Credo che un Paese con un rapporto debito/Pil sopra il 130% faccia fatica a tornare a una rapida crescita. Ci vuole del tempo per ridurre il debito pubblico e per mettere a posto i bilanci delle banche. Finché questo percorso non sarà compiuto, è difficile che le famiglie trovino la voglia e la possibilità di indebitarsi per consumare o acquistare beni durevoli.

 

Sul fronte della riduzione del debito cosa può fare il Governo?

Può accelerare sulle privatizzazioni: qualche contributo potrebbe arrivare, ma è pur sempre limitato. Adesso stiamo avendo anche un risparmio sugli interessi del debito, grazie a uno spread che naviga intorno ai 100 punti base, ma non è scontato che resti lì a lungo. Bisognerebbe quindi fare di più sul lato della spending review, ma questo vuol dire anche accettare un po’ di impopolarità. Al momento, però, mi sembra che non sia la strada scelta dal governo.

 

È possibile invece far qualcosa per il sistema bancario, visto il risultato che ha avuto l’intervento in Spagna?

Per tanto tempo siamo andati avanti col mantra che il sistema bancario italiano era al sicuro, mentre erano gli altri a essere in difficoltà.
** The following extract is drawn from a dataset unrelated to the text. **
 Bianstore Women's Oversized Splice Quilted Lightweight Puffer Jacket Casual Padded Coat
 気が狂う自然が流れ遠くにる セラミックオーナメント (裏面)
Poi, anche per il legame a doppio filo tra titolo del debito banche, ci siamo trovati con i bilanci delle banche appesantiti, cosa che ha frenato la ripresa del credito e dell’economia. I riassetti che ora sono in corso nel sistema bancario italiano, anche per via del decreto sulle banche popolari appena convertito in legge, credo che vadano nella giusta direzione di rafforzamento della struttura patrimoniale di istituti gestiti in modo piuttosto statico negli ultimi anni.

 

In Italia può funzionare una bad bank senza garanzia pubblica?
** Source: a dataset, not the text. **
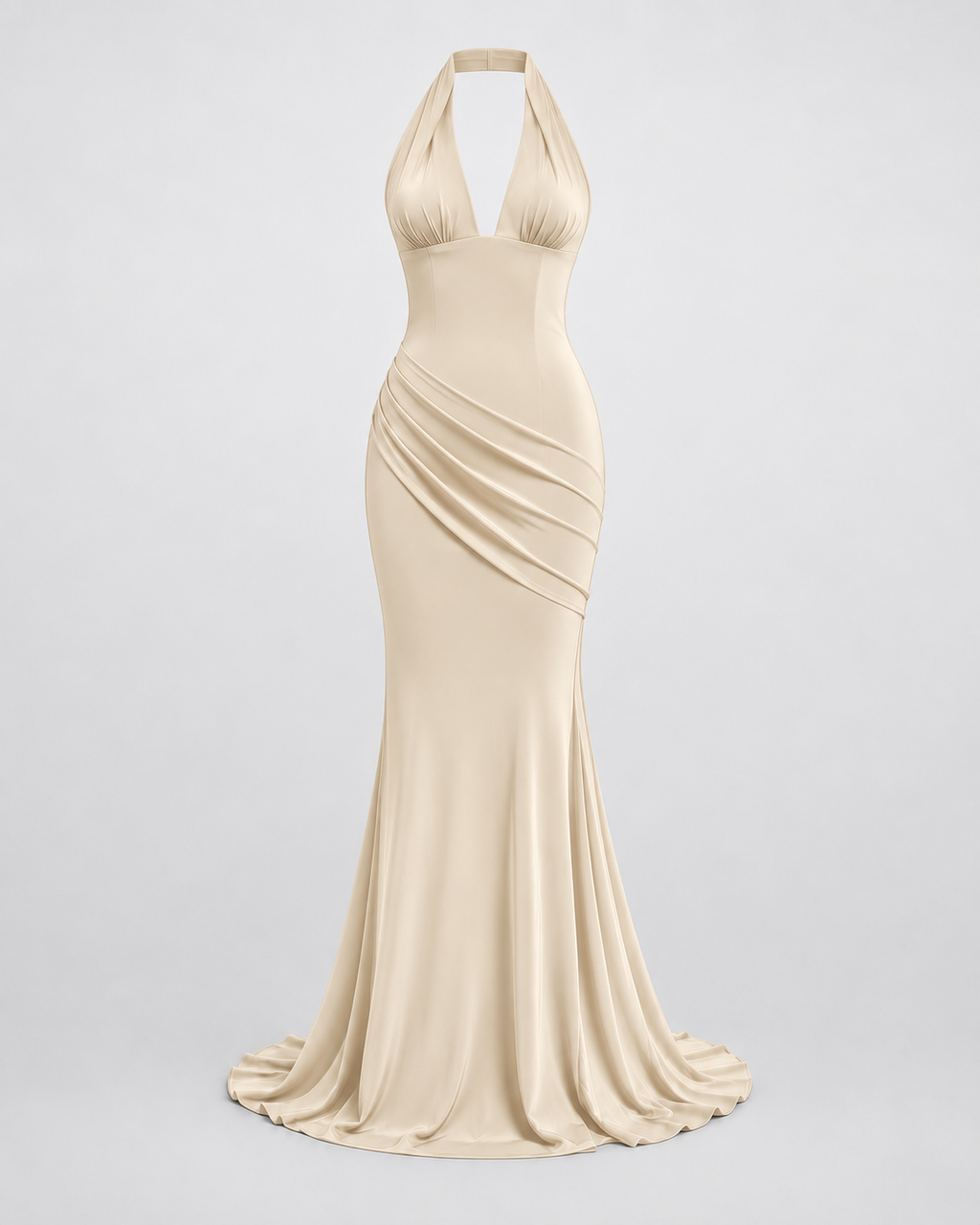 Vestido Sienna Halter beige — vista frontal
Sembra che le grandi banche si stiano attrezzando per creare autonomamente una bad bank. Penso però che una qualche forma di garanzia pubblica – che non sia totale, ma parziale – sia necessaria per consentire anche alle banche più piccole di intraprendere questa strada. Diversamente resteranno schiacciate sotto il peso dei loro crediti inesigibili, che hanno un valore di mercato molto basso, a causa anche della nostra giustizia civile.